GOAL OF THE EXERCISE :: Your output must hold every entry exactly as written and none of the pictures.
Top of DATA SHOWN
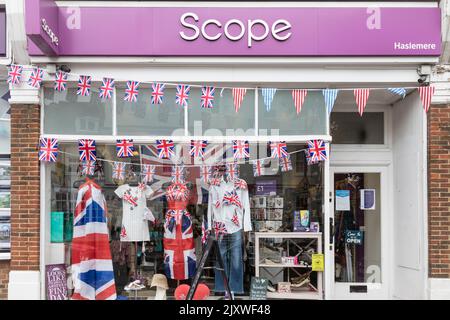 Le bandiere Bunting e Union riempiono la finestra di un negozio di Haslemere per celebrare il Platinum Jubilee della Regina. Foto Stock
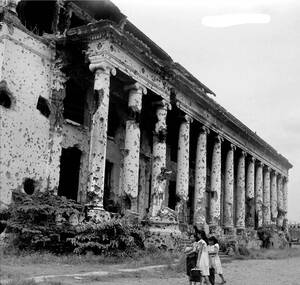40s War Porn - Filipino students walk past on one the war damaged buildings on the campus  of the University of the Philippines, Manila, Late 1940s. The campus and  city would see intense fighting during the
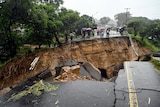  A road connecting the two cities of Blantyre and Lilongwe is collapsed as people look on.
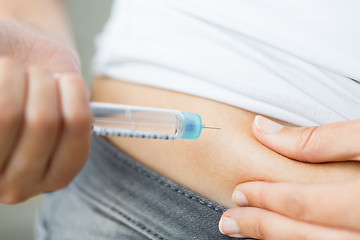 Image showing close up of hands making injection by insulin pen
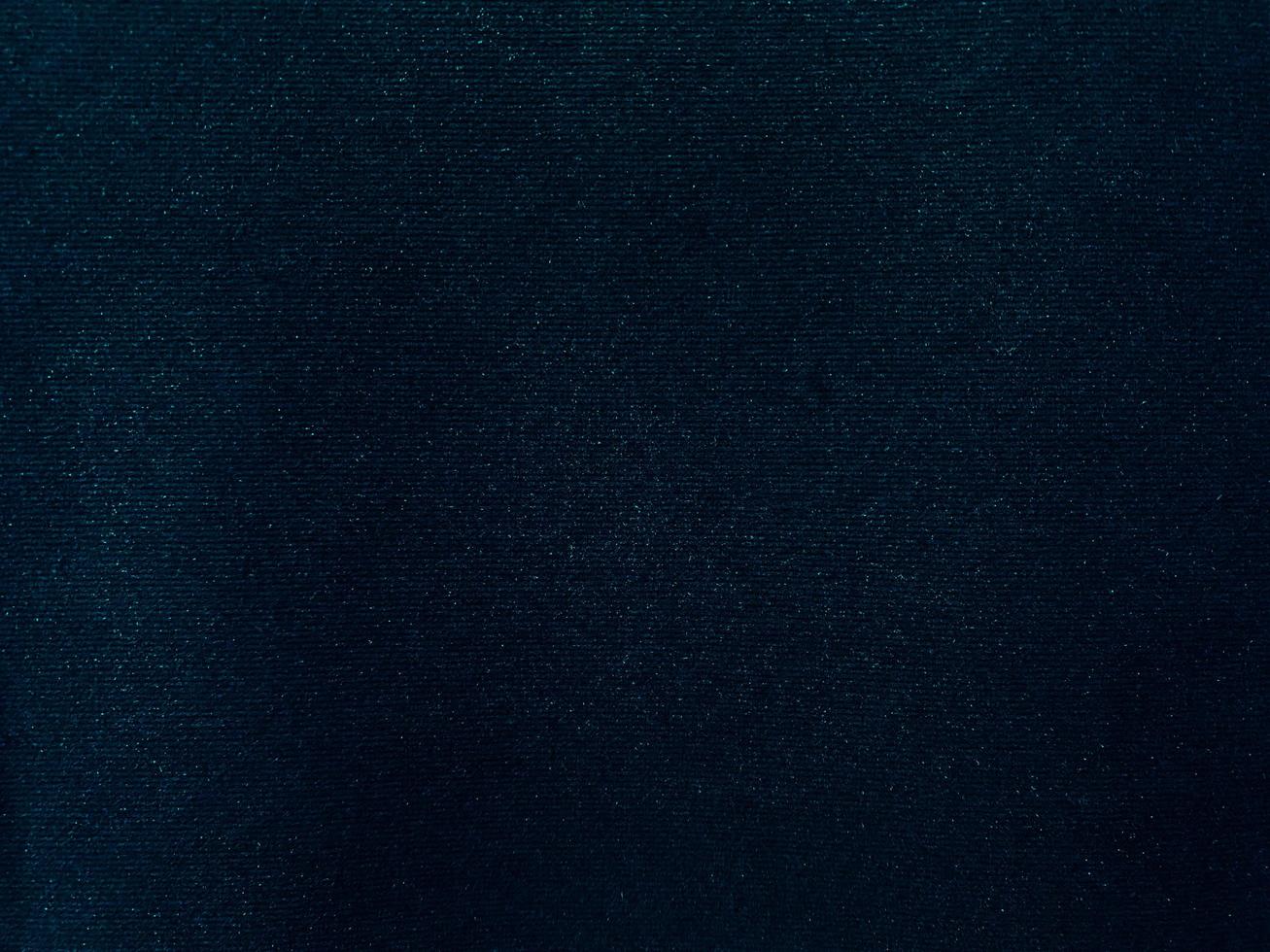 Blue velvet fabric texture used as background. Empty blue fabric background of soft and smooth textile material. There is space for text. photo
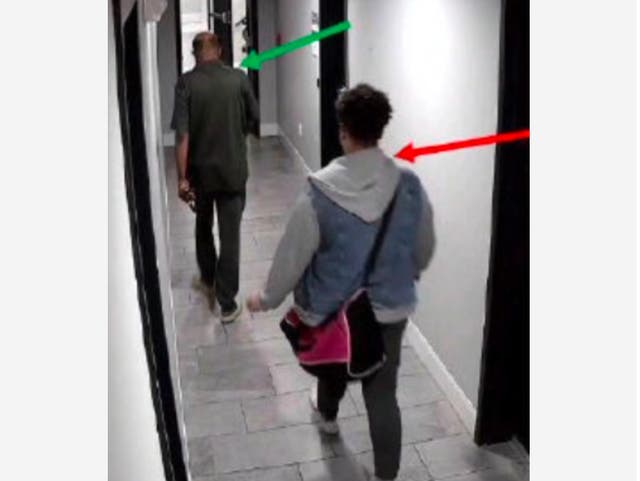 <p>Murder suspect Audrey Miller walking behind the victim, Fasil Teklemariam, toward the elevator in his building on the day he was killed </p>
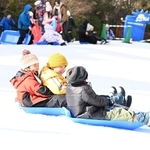人工雪の斜面で元気にそり遊びをする子どもら＝６日、神戸市灘区六甲山町北六甲、六甲山スノーパーク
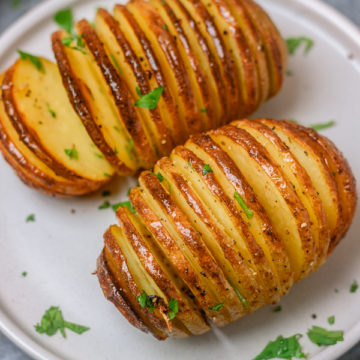 two hasselback potatoes on a side plate.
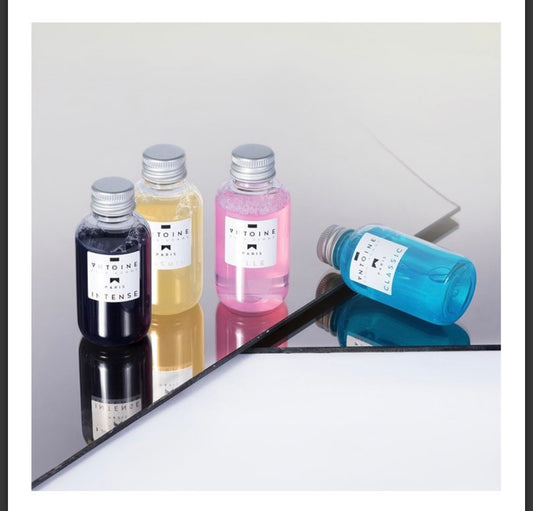 Four bottles of perfume with silver caps on a reflective surface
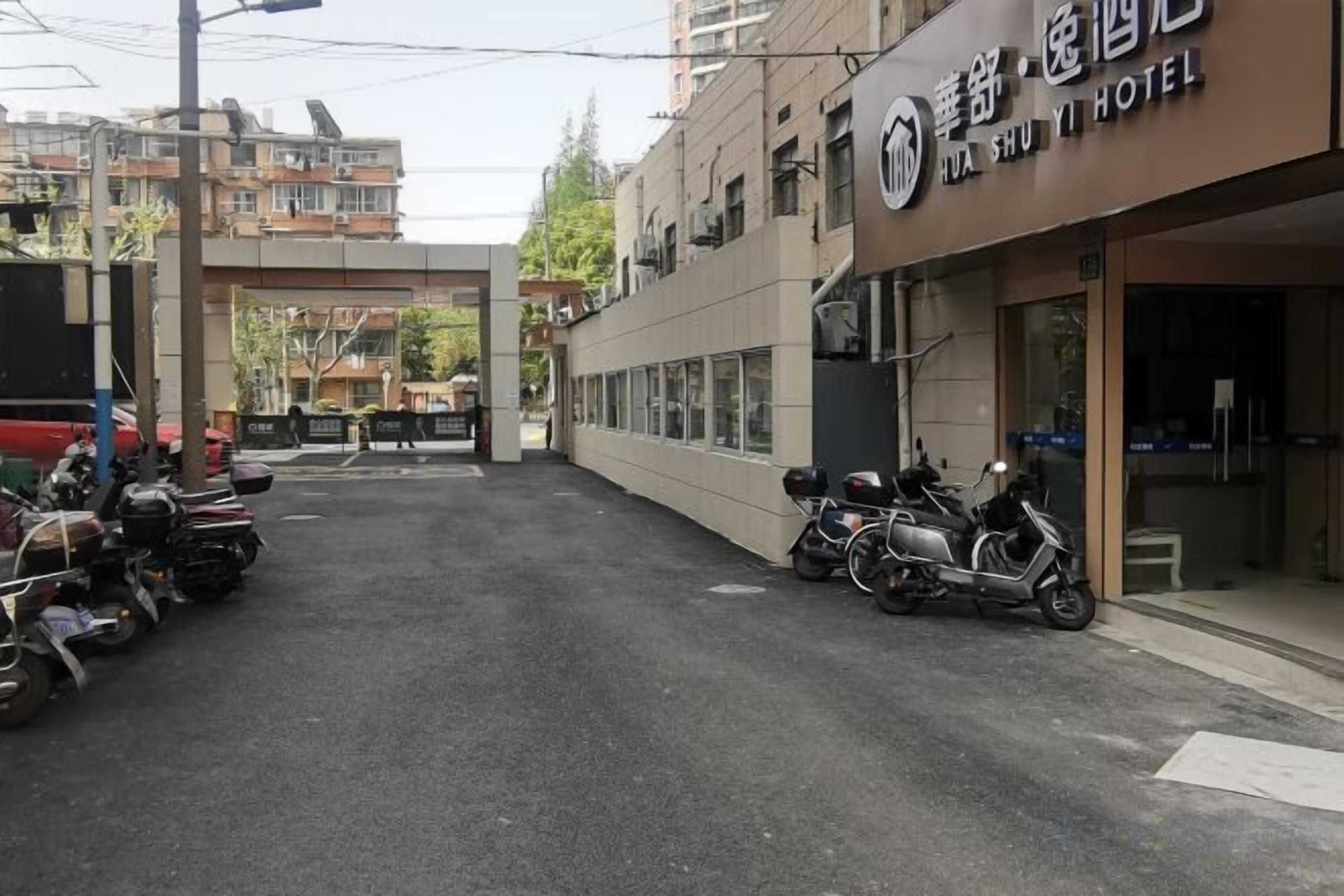 Entrada de hotel com galeria coberta, motocicletas estacionadas e um edifício com letreiros.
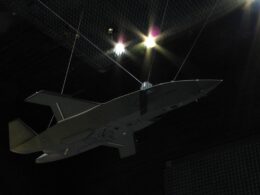 Unmanned aerial vehicle gray flying wing drone suspended by cables inside an anechoic test chamber at a sound testing facility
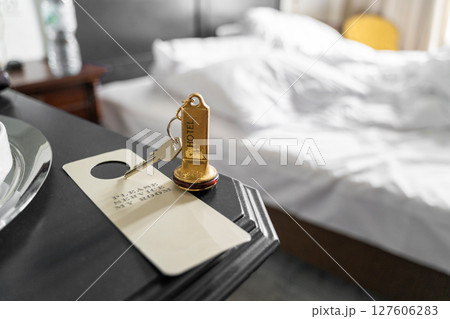 A hotel room key sits on the nightstand with a comfortable bed situated in the background A hotel room key sits on the nightstand with a comfortable bed situated in the background 127606283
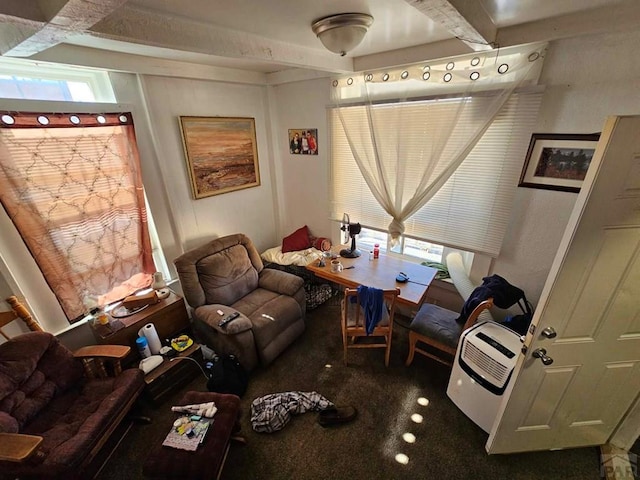 living area featuring carpet floors and beamed ceiling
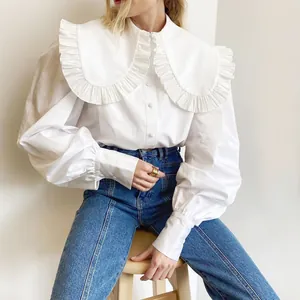 Close-up detail of a white cotton shirt featuring a large ruffle doll collar and puff sleeves.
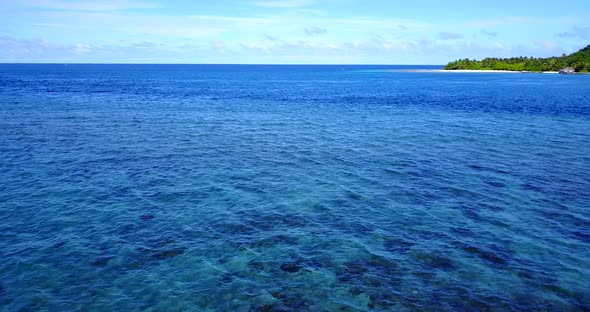 Daytime overhead abstract view of a white sand paradise beach and aqua blue ocean background 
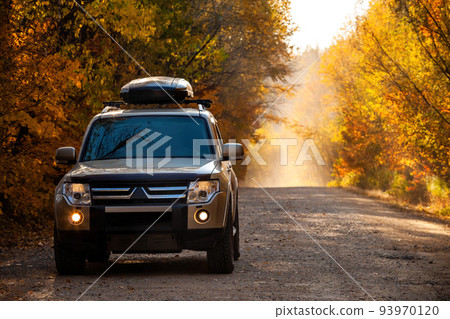 Mitsubishi Pajero on scenic autumn road in the forest 93970120
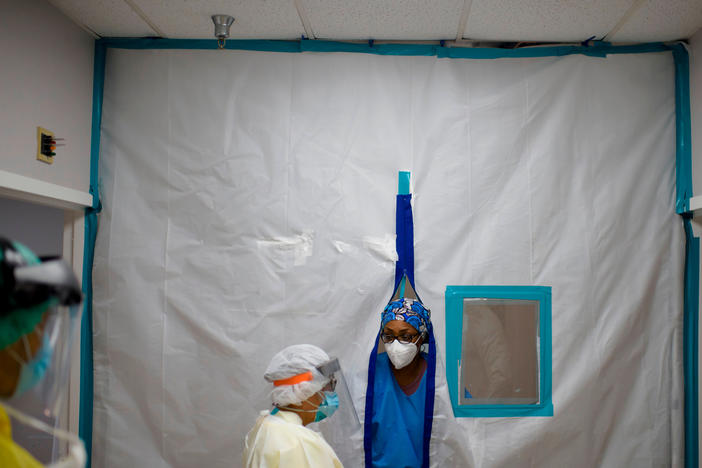 Healthcare workers talk in the Covid-19 unit at United Memorial Medical Center in Houston, Texas in July.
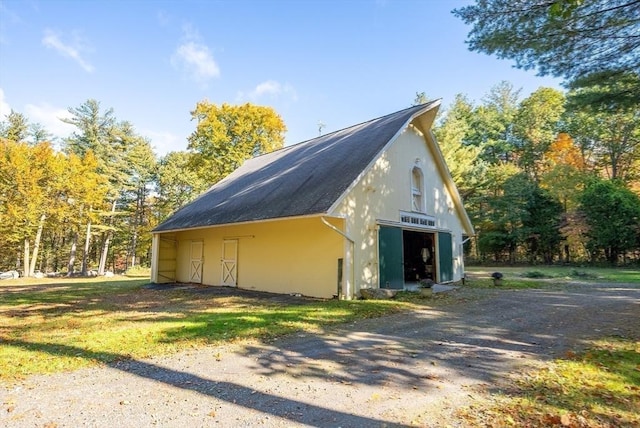 view of side of property featuring a detached garage, an outbuilding, and an outdoor structure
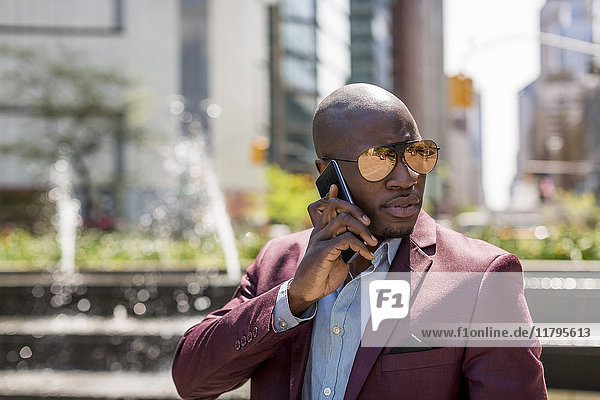 USA  New York City  Manhattan  portrait of businessman wearing mirrored sunglasses on the phone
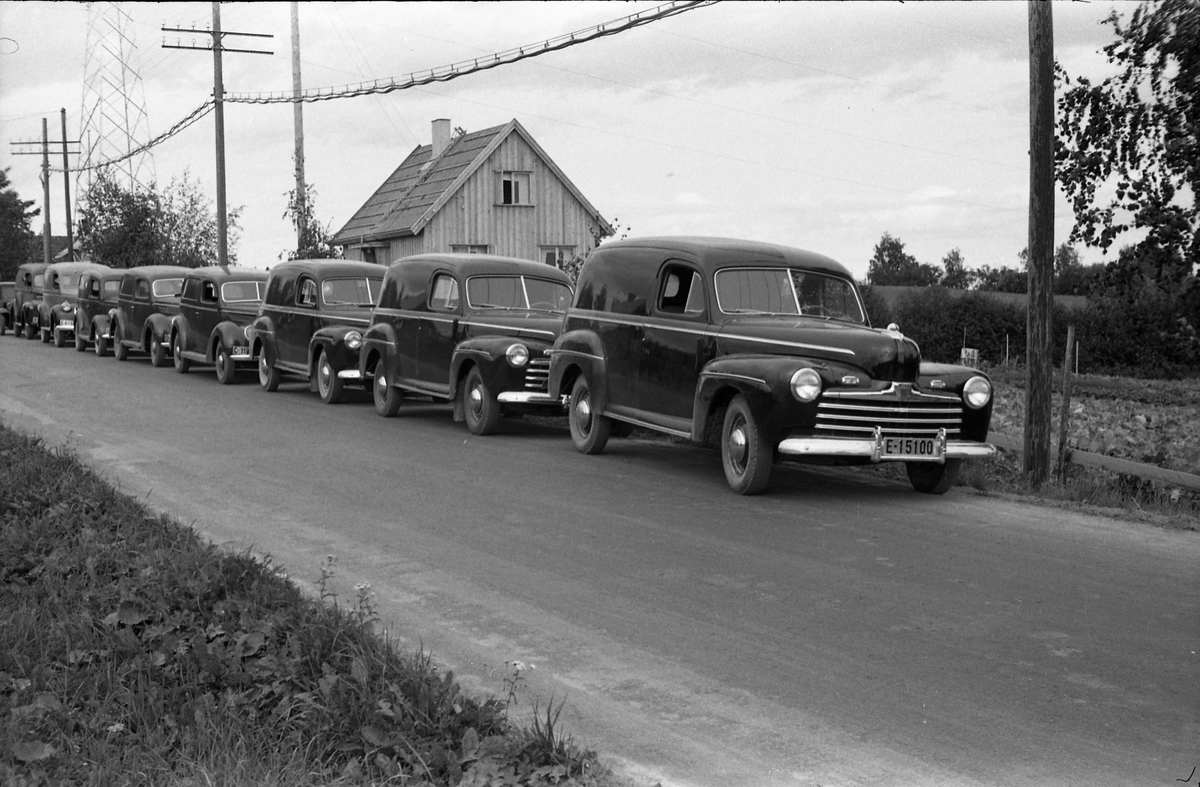 Tre bilder av en "flåte" av tilsynelatende nye varebiler.  Bilene er linet opp på vegen utenfor og foran boligen til Per Hovengen mellom Lillo og Lena. Personene på bilde nummer tre er ikke identifisert. Det dreier seg muligens om biler benyttet av ambulerende margarinselgere. Juli 1948.
Bilene skal iflg. informant være av følgende merker/modeller (bilde nr. tre som referansen): Fra venstre Tre amerikanske Ford 1946, to Ford V8 1938 stamdard, Ford V8 1937, Chevrolet 1946 Ford 1946 (de tre siste bygd på lett lastebil understell), og en ukjent førkrigsmodell, trolig ca. 1930.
Bottom of DATA SHOWN
ANSWER ::
 Le bandiere Bunting e Union riempiono la finestra di un negozio di Haslemere per celebrare il Platinum Jubilee della Regina. Foto Stock
40s War Porn - Filipino students walk past on one the war damaged buildings on the campus  of the University of the Philippines, Manila, Late 1940s. The campus and  city would see intense fighting during the
  A road connecting the two cities of Blantyre and Lilongwe is collapsed as people look on.
 Image showing close up of hands making injection by insulin pen
 Blue velvet fabric texture used as background. Empty blue fabric background of soft and smooth textile material. There is space for text. photo
 <p>Murder suspect Audrey Miller walking behind the victim, Fasil Teklemariam, toward the elevator in his building on the day he was killed </p>
人工雪の斜面で元気にそり遊びをする子どもら＝６日、神戸市灘区六甲山町北六甲、六甲山スノーパーク
 two hasselback potatoes on a side plate.
 Four bottles of perfume with silver caps on a reflective surface
 Entrada de hotel com galeria coberta, motocicletas estacionadas e um edifício com letreiros.
 Unmanned aerial vehicle gray flying wing drone suspended by cables inside an anechoic test chamber at a sound testing facility
 A hotel room key sits on the nightstand with a comfortable bed situated in the background A hotel room key sits on the nightstand with a comfortable bed situated in the background 127606283
 living area featuring carpet floors and beamed ceiling
 Close-up detail of a white cotton shirt featuring a large ruffle doll collar and puff sleeves.
 Daytime overhead abstract view of a white sand paradise beach and aqua blue ocean background 
 Mitsubishi Pajero on scenic autumn road in the forest 93970120
 Healthcare workers talk in the Covid-19 unit at United Memorial Medical Center in Houston, Texas in July.
 view of side of property featuring a detached garage, an outbuilding, and an outdoor structure
 USA  New York City  Manhattan  portrait of businessman wearing mirrored sunglasses on the phone
 Tre bilder av en "flåte" av tilsynelatende nye varebiler.  Bilene er linet opp på vegen utenfor og foran boligen til Per Hovengen mellom Lillo og Lena. Personene på bilde nummer tre er ikke identifisert. Det dreier seg muligens om biler benyttet av ambulerende margarinselgere. Juli 1948.
Bilene skal iflg. informant være av følgende merker/modeller (bilde nr. tre som referansen): Fra venstre Tre amerikanske Ford 1946, to Ford V8 1938 stamdard, Ford V8 1937, Chevrolet 1946 Ford 1946 (de tre siste bygd på lett lastebil understell), og en ukjent førkrigsmodell, trolig ca. 1930.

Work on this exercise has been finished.